TEMOR DE DIOS
EL PRINCIPIO DE LA SABIDURÍA


HNA. HILDEGARDIS OSB - AZUCENA A. FRABOSCHI

 

Las Virtudes aparecen mencionadas por vez primera en Scivias 1, 1: “Pero del que se sentaba sobre la montaña [Dios] salieron multitud de centellas vivientes, que volaban alrededor de las imágenes con gran suavidad. Estas centellas son “las diversas y poderosísimas virtudes que vienen de Dios todopoderoso, rutilantes en la divina claridad”, las cuales “rodeándolos con su ayuda y su custodia, ardientemente abrazan y tranquilizan a quienes temen verdaderamente a Dios y fielmente aman el espíritu de pobreza”[1]. Es evidente que no se trata aquí de las virtudes naturales (hábito operativo bueno[2]): ni de las intelectuales (que perfeccionan al intelecto) –ya sea especulativas (intelecto, ciencia y sabiduría[3]) o bien prácticas (arte y prudencia[4])– ni de las morales (que disponen a la voluntad para actuar bien), las llamadas cardinales (prudencia, justicia, fortaleza y templanza[5]). Más bien podría tratarse de las virtudes sobrenaturales (como dones del Espíritu Santo que perfeccionan el obrar del alma a nivel sobrenatural), verdaderos poderes divinos entre los que las virtudes teologales: fe, esperanza y caridad, son las más mentadas.

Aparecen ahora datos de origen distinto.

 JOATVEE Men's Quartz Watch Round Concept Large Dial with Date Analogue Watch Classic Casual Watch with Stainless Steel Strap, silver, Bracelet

Las Virtudes se presentan a sí mismas en Scivias 3, 13, 9:

Nosotras las Virtudes en Dios estamos
y en Dios permanecemos;
al Rey de reyes servimos
y el mal del bien separamos.
Pues en la primera batalla aparecimos,
en ella nos elevamos victoriosas
mientras caía aquel que quiso volar
por encima de sí mismo.
Y así también ahora sirvamos
ayudando a quienes nos invocan
y pisoteando las artes diabólicas;
y a quienes han querido imitarnos
guiemos hacia las mansiones de la bienaventuranza.”[6]

Gunilla Iversen, en su trabajo “Ego Humilitas, regina Virtutum: Poetic Language and Literary Structure in Hildegard of Bingen’s Vision of the Virtues”[7], relaciona esta presentación con la que encontramos en El drama de las Virtudes y que viene a continuación de la exclamación de los Patriarcas y los Profetas: “¿Quiénes son éstas, que avanzan como las nubes?”[8], a lo que las Virtudes responden:

Oh antiguos santos, ¿por qué os admiráis de nosotras?
La Palabra de Dios resplandece en la figura humana
y por eso nosotras refulgimos con Él,
edificando los miembros de Su bello cuerpo.”[9]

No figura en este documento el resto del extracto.